Campbell adds that through the years the relationship has evolved and last year discussions began on the possibility of building a hospital at the school.

"This is a win-win situation for everyone," he says. "They need a hospital and we can help them obtain practical training and they can help us with the shortage of veterinarians."

Campbell says he would like to hire veterinarians from UNAM because they are good doctors but is unable to due to the current barriers for hiring foreign graduates.

"There is definitely a shortage of veterinarians in the U.S., especially Spanish-speaking doctors," he says. "As the Latino population continues to grow in our country, we need to listen to their needs and concerns."

Campbell believes being able to hire qualified foreign graduates will help fill that void not only for Banfield, but for the entire profession as well.

"More than ever veterinary medicine is facing globalization and it's important for the profession to keep up with the changes that are occurring in our country and the rest of the world," he says.

In late September, Banfield opened its first international practice in Manchester, England. A second full-service hospital is set to open in the United Kingdom in early 2004. Both hospitals will open in partnership with mypetstopª Pet Resort & Care Centers, a new business developed to meet almost every pet service need under one roof.

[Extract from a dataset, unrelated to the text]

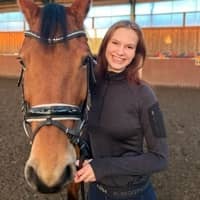 Sitterprofilbild: Julina P.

First international practice

"This is the first international hospital Banfield will open, and also the first mypetstop service center," Brant says. "A quarter of a million pets live within a 30-minute drive of the new pet hospital in Manchester, so this is a great opportunity to launch our European expansion."

"This is going to make quite an impact in the U.K.," says Senior Veterinarian Christoph Reichman, who leads the team of health professionals at the Manchester hospital. "There's nothing like this one-stop service center for pets in any other country."

The international expansion is just one of the newest initiatives for Banfield, which currently has more than 330 clinics in the United States and employs more than 800 veterinarians. Plans for continued expansion include additional U.S. hospitals and facilities throughout Europe and Latin American countries.

The UNAM announcement comes on the heels of Banfield recently signing an agreement with Western University of Health Sciences College of Veterinary Medicine (Western U) to build a new primary care teaching hospital.

Gaining ground

The primary care facility will be built so that first and second-year veterinary students enrolled in the university will have a chance to learn about routine veterinary care as part of new problem-based curriculum, Campbell says.

The cost of the new 6,000-square-foot facility is about $8 million paid over a 10-year period. Plans for the new hospital call for five to six exam rooms, a large treatment area and surgical suite, an X-ray room and isolation facilities. The hospital will also have at least two conference rooms so students can meet with instructors.

However, the university will not have a large, centralized campus hospital. Instead, third- and fourth-year veterinary students will work in rotations in various Los Angeles-area practices, including four Banfield hospitals, which are being renovated to facilitate the education.